Leading off is Please Come Save Me, which is an interesting pastiche with the melodic pop facet imbued with a country-sounding steel guitar. <<>>

Showing their Fab Four influence is Coming Down which has a kind of classic-sounding British Invasion psychedelic-era vibe, with that Beatles bass line. <<>>

A bit more mellow in sound is Sunday Song which can evoke early Pink Floyd, to which the band adds their own appealing musical personality, with some contemplative lyrics. <<>>

What Have I Become is probably the most introspective track on the album, both musically and lyrically, with its spacey sound again featuring the steel guitar. I think it’s one of the highlights of the album. <<>>

Time Is a Wheel again features the band’s combination of hummable retro melodies with somewhat philosophical lyrics. <<>>

Terrible Lie is the name of probably the most straight-out love song on the album. The arrangement nicely captures the mood of the words. <<>>

The last three named tunes on the album flow together in a kind of continuum, again showing echoes of the concept albums from the psychedelic era, Waiting for the Call, Out of Range, and In A Dream. The tracks embody the appeal of the band, absorbing 50-year-old influences and making it sound fresh. <<>>

The album ends with a long sound-effects sequence, called Nostalgia for the Lakefronts, inspired by a poem by Donald Justice that was printed in the CD. I can’t help but be reminded of the Beatles Revolution 9 on the White Album, with its sequence of seeming random sounds. The sound effects seem intended to evoke some of the lines in the poem which is printed in the CD package. <<>>

Blurred Harmony, the new release by the Portland, Oregon, band The Parson Red Heads is an enjoyable album evoking the melodic sound and sonic textures of the late 1960s era Beatles-inspired psychedelic scene. The band distills some of the best influences from that era while skipping some of the excesses. Although the source of their influence is not hard to guess, they provide a good deal of their own musical creativity and personality so that it does not come across as slavishly imitative. And there’s the spirit of good fun that was present 50 years ago that the Parson Red Heads capture on the new album.

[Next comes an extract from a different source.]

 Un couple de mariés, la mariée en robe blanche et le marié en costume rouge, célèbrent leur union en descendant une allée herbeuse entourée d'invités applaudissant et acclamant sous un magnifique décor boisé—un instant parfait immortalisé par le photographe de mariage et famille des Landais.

Our grade for sound quality is an A Minus. The recording conjures the sound of the psychedelic era without so many of the sonic flaws. It seems like an analog recording, but it’s clean and the fact that it came from a home studio is notable. The dynamic range is not great with not a lot of difference between the loud parts and the soft parts. But it’s better than many albums being released these days.

There are quite a few retro bands on the scene, with many looking to the Beatles and the British Invasion for their influence. The Parson Red Heads are one of the best of the ilk, and their new album underscores that.